Advocates for homeless to stay at former Sutter hospital site

About 20 homeless people and their advocates will be sleeping at the Chanate Road site this week to call attention to the county’s decision not to use the property as emergency housing.|

On Saturday, two days before the Martin Luther King, Jr. Day protest and teach-in event that they had been planning for months, organizers with Homeless Action got a call from Sonoma County officials.

The group was planning to set up a temporary camp on the 117-acre county-owned Chanate Road property, the former site of Sutter Medical Center. The goal was to call attention to the county’s decision not to use the former hospital as emergency housing for homeless people.

But officials told organizers that county regulations prohibited the camp.

Instead, the county offered the use of a building on the former hospital campus called The Rotunda, which was once used for prenatal classes.

The group considered rejecting the offer and pitching their tents anyway, said Adrienne Lauby of Homeless Action.

“We want to make a point, and it’s easier to make a point out in the solid rain than in a building,” she said. “But it’s also good not to upset people if it’s not necessary, and we have some people who are fragile and sick, and that factored into it.”

So Monday night, Lauby, a Cotati resident, and about 20 others, roughly a quarter of whom are homeless, gathered in The Rotunda.

Sleeping gear was pushed against the walls. Hot food was on a table and agendas for the teach-in, to be held Tuesday, lay around.

Protest signs read: “Inclusionary housing long overdue” and “Help I’m freezing! We need shelter now. Please don’t let me die this winter.”

Among the group was Migdalia Vasquez-Howard, 52, who works part-time at Costco in Rohnert Park - a disability prevents her from working more - and has lived in her car with her dogs since August. The soaring prices in the North Bay rental market have defeated her efforts to find an apartment, she said.

“I’ve tried and tried to find a place but they want three times the rent to move in, or they want perfect credit, which I don’t have because I’m on disability,” she said.

She makes too much to qualify for federal housing vouchers, she said, and too little to qualify for the income requirements landlords are seeking.

“I’ve cried; trust me, I’ve cried,” she said.

Outside the room, the large, mostly empty old hospital buildings stood dark, the focus of the group’s ire.

“I think it’s ethically wrong, when you have 2,000 people sleeping without shelter, to tear down usable buildings,” Lauby said. “Even if we collectively decide to demolish them, until then we should use them” as emergency housing.

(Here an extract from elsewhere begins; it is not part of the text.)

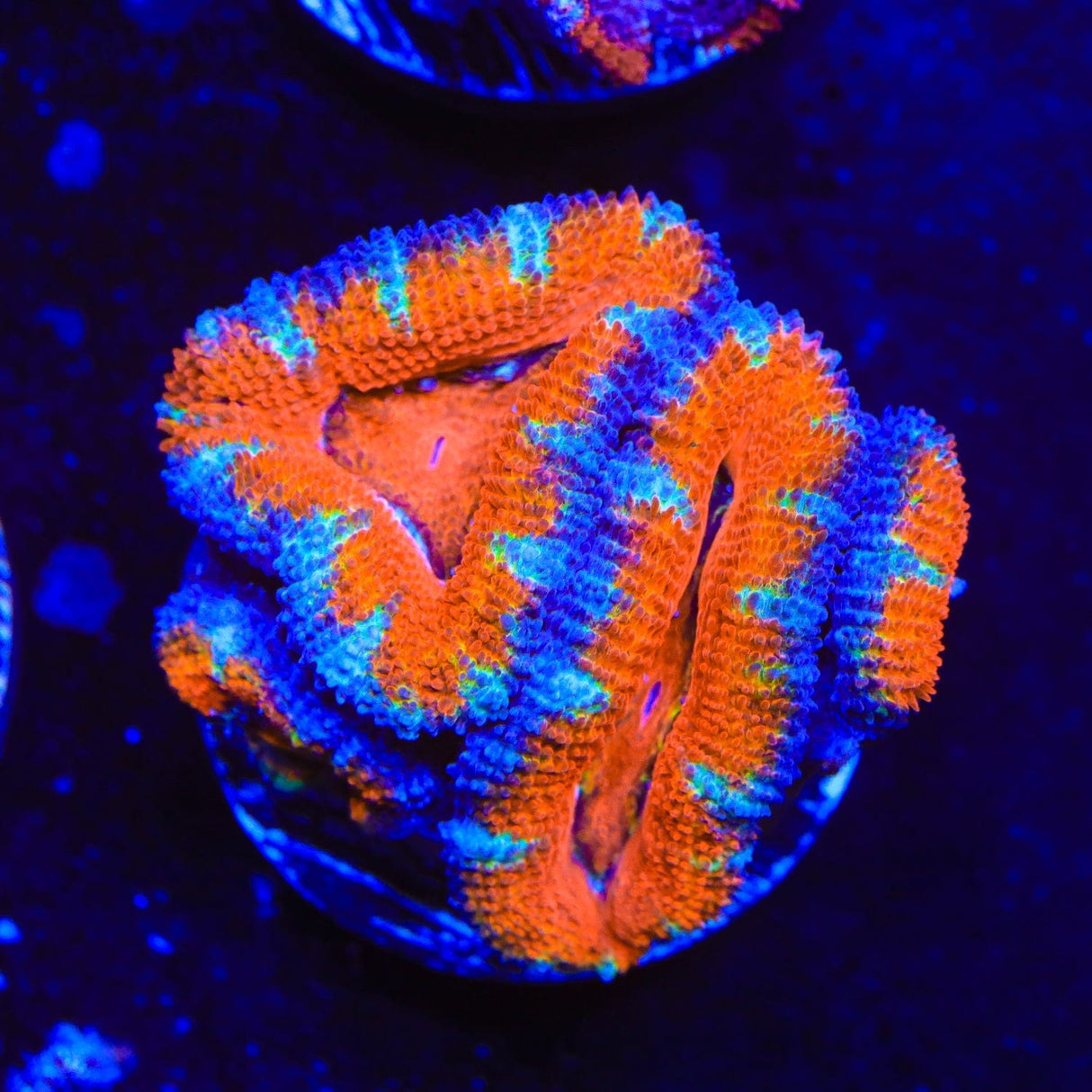 Rainbow Acan Coral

The property, which Sutter vacated in 2014, is slated for an as-yet-undefined development, which county supervisors want to include affordable housing, commercial and retail space with walking trails and other amenities.

Supervisors in August signed off on a proposal to sell or lease the property. They also ruled out using the buildings temporarily.

“When we finally came down to it, it was prohibitively expensive to use even part of the building temporarily,” Supervisor Susan Gorin said Monday.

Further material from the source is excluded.